素晴らしいモニタースピーカーなので、音源に“エモ”が含まれていれば、それがしっかりと表現されるのです。スター誕生やグレイテスト・ショーマンには、その“エモ”が音源の中にパッケージングされているので、それをうまく解き放ってくれるスピーカーでした。
final「D8000 DC」
――次はfinalのフラッグシップヘッドフォン「D8000 DC」です。平面磁界型とダイナミック型の特長を併せ持った音質というヘッドフォンで、価格は548,000円。
麻倉:finalの細尾満社長によると、そもそも前モデルにあたるD8000は世界的に人気で「発売以来、毎月、完売です。

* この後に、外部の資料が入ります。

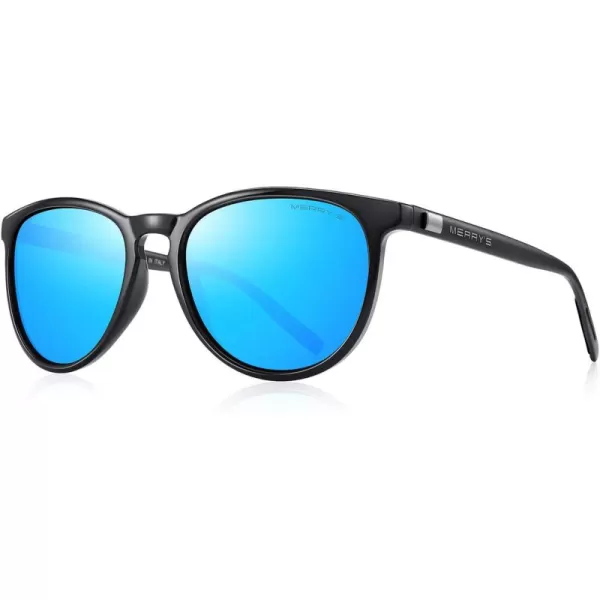 MERRYS Polarized Sunglasses for Women Men Vintage Retro Classic Round Frame Aluminum Legs S8288Blue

私たちの製造キャパが6~70台なので、すぐに売り切れる状態が、8年間続いている」とのこと。
finalのトップエンドモデルは時代を作っていくモデルといっても過言ではありません。平面磁界型は音が良いものの、剛性感、低音の表現力が物足りません。ちょっと優しい雰囲気になるというか。
つまり、平面磁界型には低音の表現力について課題があるわけです。finalは新型のD8000 DCで“原点回帰”して振動板を作り直すことにしたわけです。これについても細尾社長は「この8年間、次のモデルチェンジに向けて、たくさん開発してきました。そろそろ潮時、ユーザーさんの声にお応えできるか、と。やるなら、前を圧倒的に凌駕しなければなりません。DCの音は高揚が目標です。リラックス感よりワクワク感を目指しました」と説明していました。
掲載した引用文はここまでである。